**What you should do:**
The copy has to match the records word for word and include no pictures.

(Data items)
────
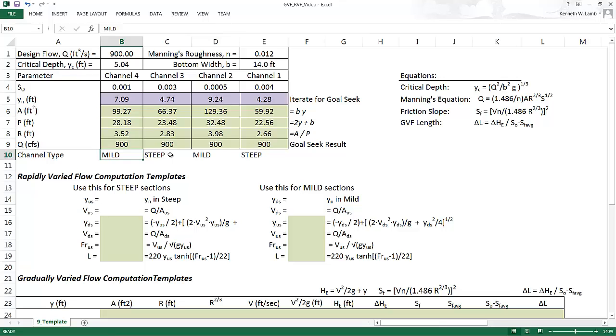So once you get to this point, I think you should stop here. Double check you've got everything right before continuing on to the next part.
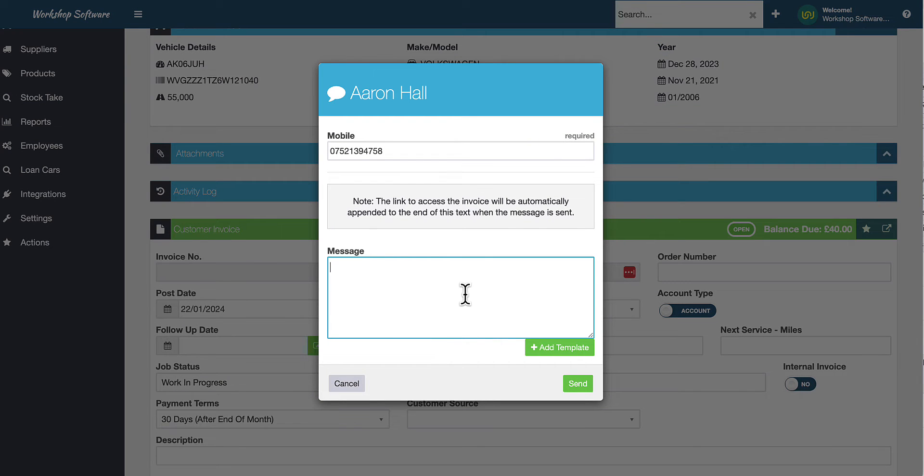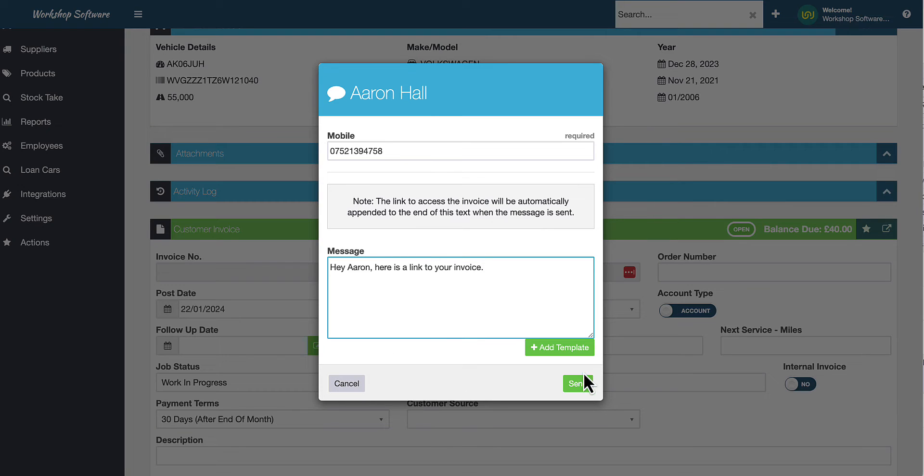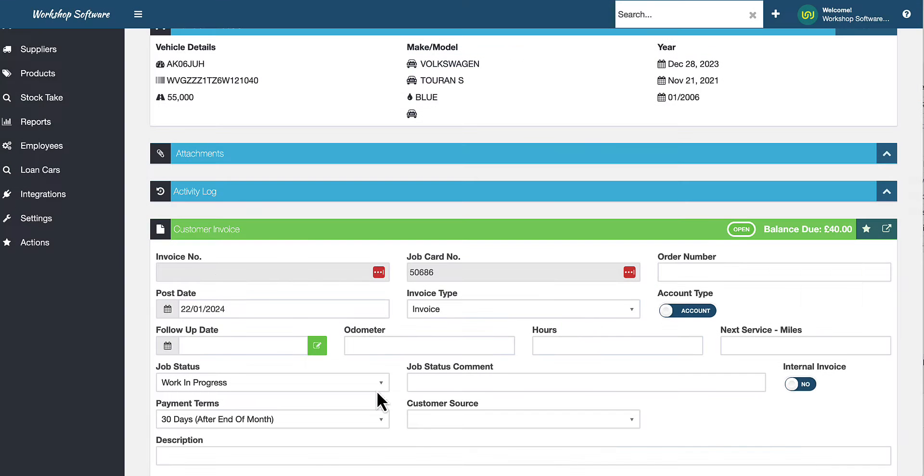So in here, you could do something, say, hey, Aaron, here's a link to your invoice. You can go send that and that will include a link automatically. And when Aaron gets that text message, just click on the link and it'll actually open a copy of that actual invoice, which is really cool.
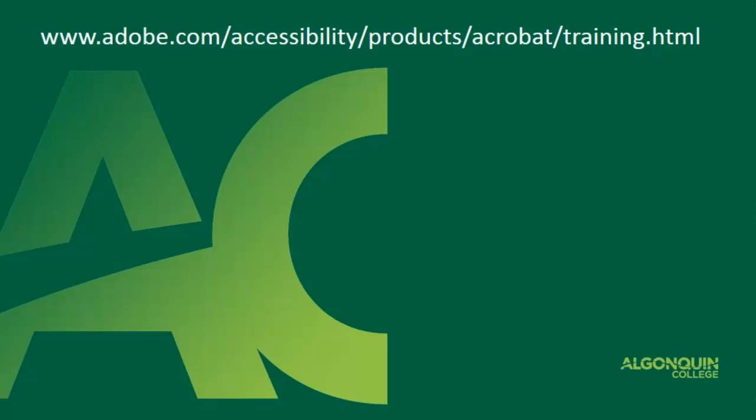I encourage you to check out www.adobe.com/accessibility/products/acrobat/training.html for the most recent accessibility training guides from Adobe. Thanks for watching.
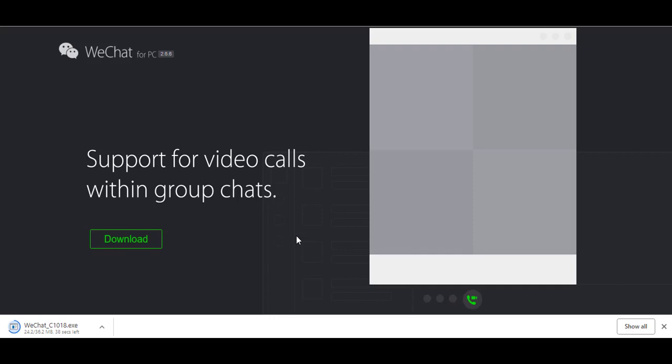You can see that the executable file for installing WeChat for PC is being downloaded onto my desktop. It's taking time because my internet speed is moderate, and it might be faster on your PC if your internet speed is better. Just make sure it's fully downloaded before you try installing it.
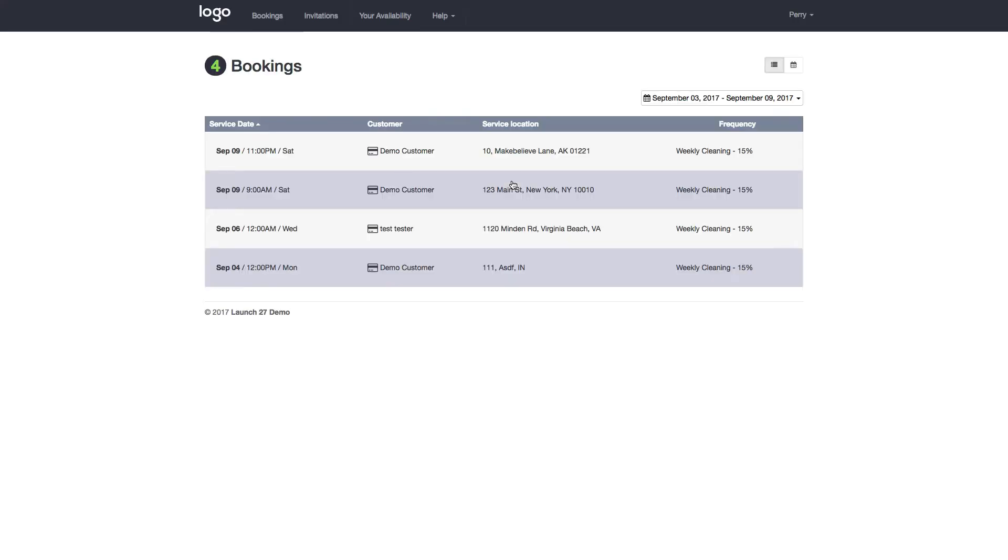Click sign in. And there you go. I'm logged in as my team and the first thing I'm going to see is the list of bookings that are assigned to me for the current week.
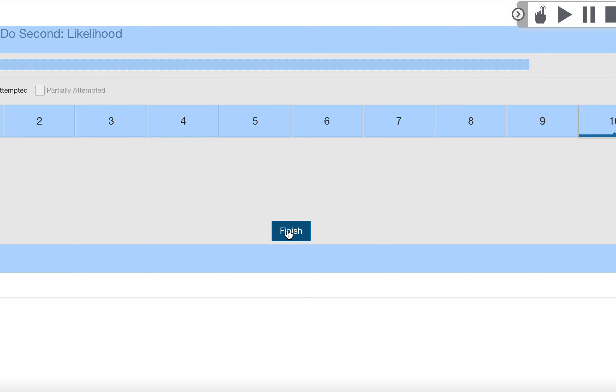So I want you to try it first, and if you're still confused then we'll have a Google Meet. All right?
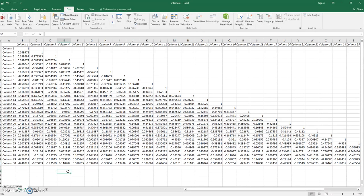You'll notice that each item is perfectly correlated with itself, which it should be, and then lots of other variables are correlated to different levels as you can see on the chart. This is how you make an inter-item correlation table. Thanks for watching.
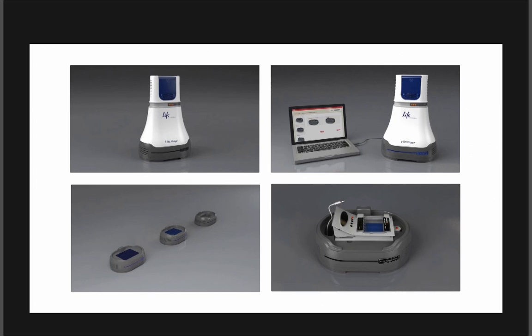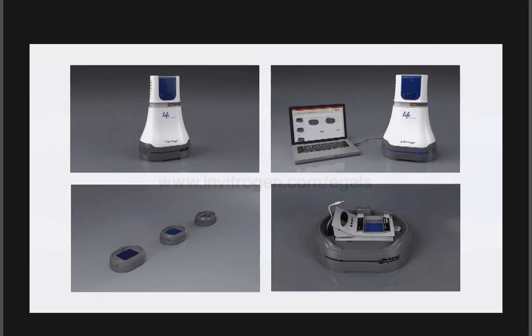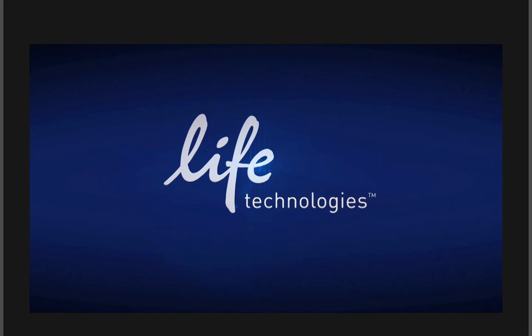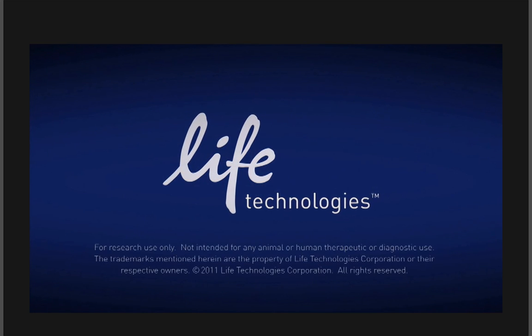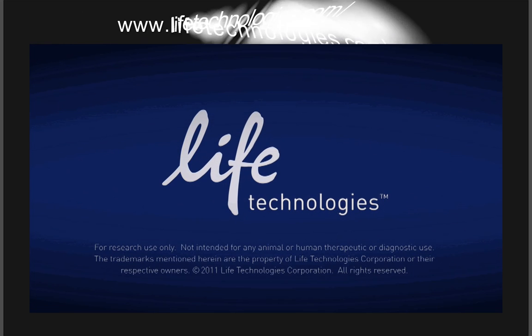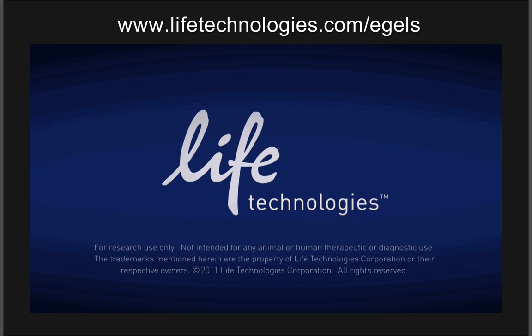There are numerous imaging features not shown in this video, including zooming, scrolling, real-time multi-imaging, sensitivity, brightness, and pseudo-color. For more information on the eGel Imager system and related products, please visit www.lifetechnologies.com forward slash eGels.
────
**Exercise output:**
So once you get to this point, I think you should stop here. Double check you've got everything right before continuing on to the next part.
So in here, you could do something, say, hey, Aaron, here's a link to your invoice. You can go send that and that will include a link automatically. And when Aaron gets that text message, just click on the link and it'll actually open a copy of that actual invoice, which is really cool.
I encourage you to check out www.adobe.com/accessibility/products/acrobat/training.html for the most recent accessibility training guides from Adobe. Thanks for watching.
You can see that the executable file for installing WeChat for PC is being downloaded onto my desktop. It's taking time because my internet speed is moderate, and it might be faster on your PC if your internet speed is better. Just make sure it's fully downloaded before you try installing it.
Click sign in. And there you go. I'm logged in as my team and the first thing I'm going to see is the list of bookings that are assigned to me for the current week.
So I want you to try it first, and if you're still confused then we'll have a Google Meet. All right?
You'll notice that each item is perfectly correlated with itself, which it should be, and then lots of other variables are correlated to different levels as you can see on the chart. This is how you make an inter-item correlation table. Thanks for watching.
There are numerous imaging features not shown in this video, including zooming, scrolling, real-time multi-imaging, sensitivity, brightness, and pseudo-color. For more information on the eGel Imager system and related products, please visit www.lifetechnologies.com forward slash eGels.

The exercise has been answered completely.